_YOUR ASSIGNMENT_. Would you please repeat, word for word, only the lines from the one holding "SUNSITT Outdoor Fire" through the one holding "Tranh Đồng Hồ" in the material below, without the pictures?

===== INPUT RECORDS =====

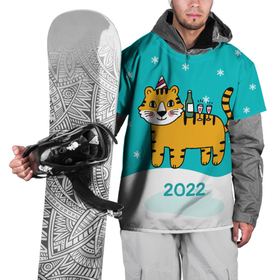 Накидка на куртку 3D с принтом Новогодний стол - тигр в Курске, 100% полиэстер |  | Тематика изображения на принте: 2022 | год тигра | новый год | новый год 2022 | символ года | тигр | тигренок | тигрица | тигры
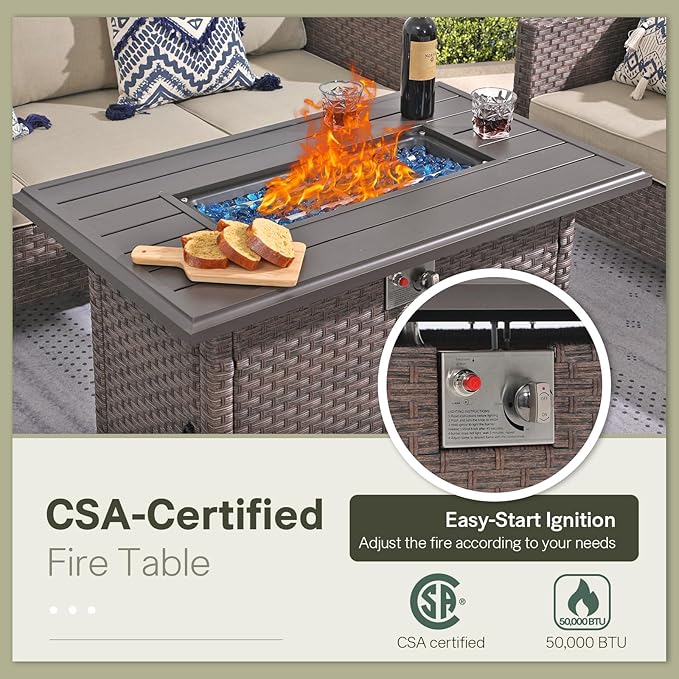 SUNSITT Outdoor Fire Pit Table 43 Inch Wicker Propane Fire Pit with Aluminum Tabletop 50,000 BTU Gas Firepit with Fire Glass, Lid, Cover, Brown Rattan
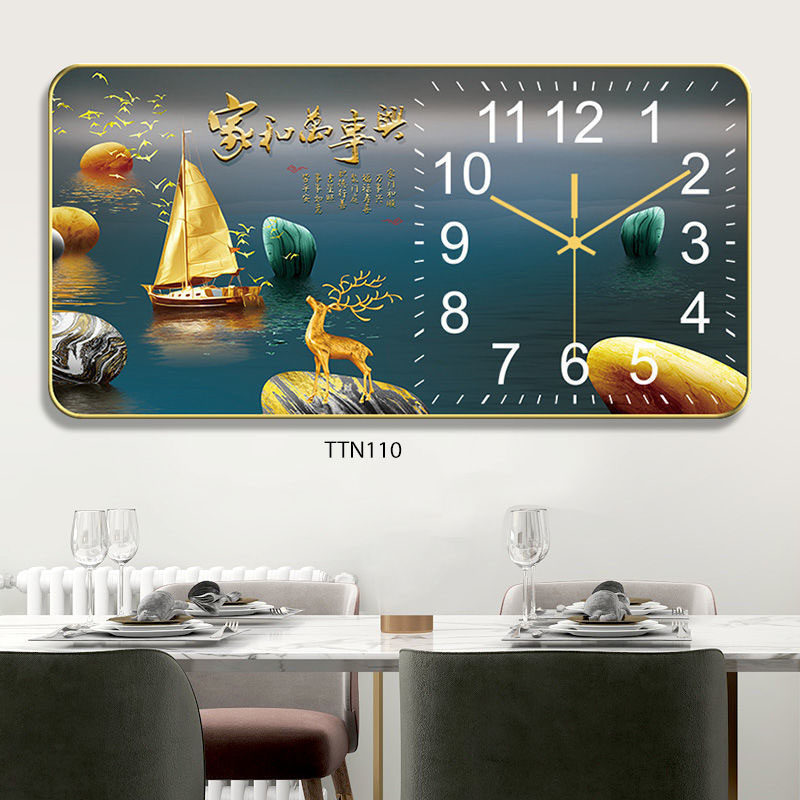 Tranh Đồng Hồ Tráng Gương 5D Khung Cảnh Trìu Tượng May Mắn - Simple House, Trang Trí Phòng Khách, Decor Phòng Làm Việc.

=====
===== INPUT RECORDS =====

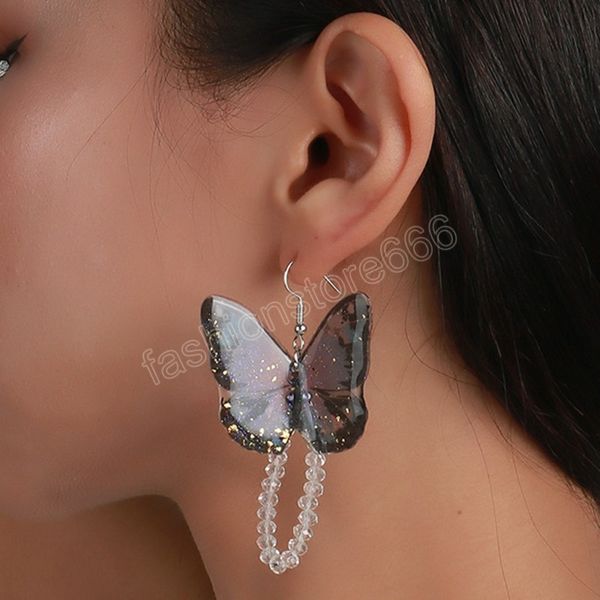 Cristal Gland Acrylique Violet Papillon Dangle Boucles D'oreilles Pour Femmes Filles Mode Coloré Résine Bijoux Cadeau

=====

_RESPONSE TO THE EXERCISE_.
 SUNSITT Outdoor Fire Pit Table 43 Inch Wicker Propane Fire Pit with Aluminum Tabletop 50,000 BTU Gas Firepit with Fire Glass, Lid, Cover, Brown Rattan
 Tranh Đồng Hồ Tráng Gương 5D Khung Cảnh Trìu Tượng May Mắn - Simple House, Trang Trí Phòng Khách, Decor Phòng Làm Việc.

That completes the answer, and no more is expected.